The War Department would occupy the new headquarters within half a year, Somervell instructed. "We want 500,000 square feet ready in six months, and the whole thing ready in a year," the general said. Somervell ended the meeting with orders to have the basic design plans for the building by Monday morning.
Washington was consumed by war anxiety. Three weeks earlier, Adolf Hitler, already in control of much of Europe, had launched a surprise attack on the Soviet Union. President Franklin D. Roose-velt, alarmed by Nazi gains, had declared a national emergency on May 27. The War Department in Washington was growing at an explosive rate, its 24,000 workers spread in 17 buildings, including apartment buildings, private homes and several rented garages. Gen. George C. Marshall, the Army chief of staff, needed a quick solution and turned to Somervell to construct temporary buildings for the headquarters. At a congressional hearing July 17, Rep. Clifton A. Woodrum, a powerful Virginia congressman, signaled interest in finding an "overall solution" to the War Department's problem. Somervell took that as a signal for a permanent fix, and the Pentagon, as it would become known, was launched that evening.

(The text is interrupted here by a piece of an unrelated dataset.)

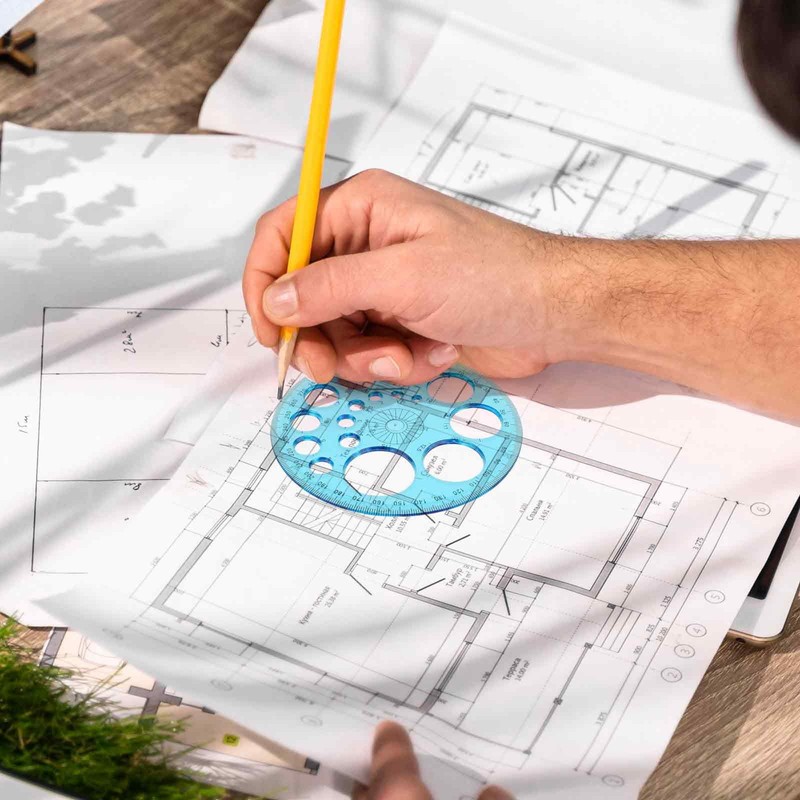 Circle Template for Drawing, Plastic Circle Stencil Geometric Circle Ruler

The first problem was where to put it -- "incidentally, the largest office building in the world," Casey later noted dryly. Energetic and experienced, Casey was one of the Army's most brilliant engineers, and he quickly saw big problems with the location Somervell had chosen. Washington-Hoover Airport, at the foot of the 14th Street Bridge in Arlington, had just been replaced with a modern airfield, National Airport, about a mile downriver. Somervell -- eager to win the Virginian's blessing for the project -- had seized upon the old airport site, but the low-lying land, which was subject to flooding, worried Casey.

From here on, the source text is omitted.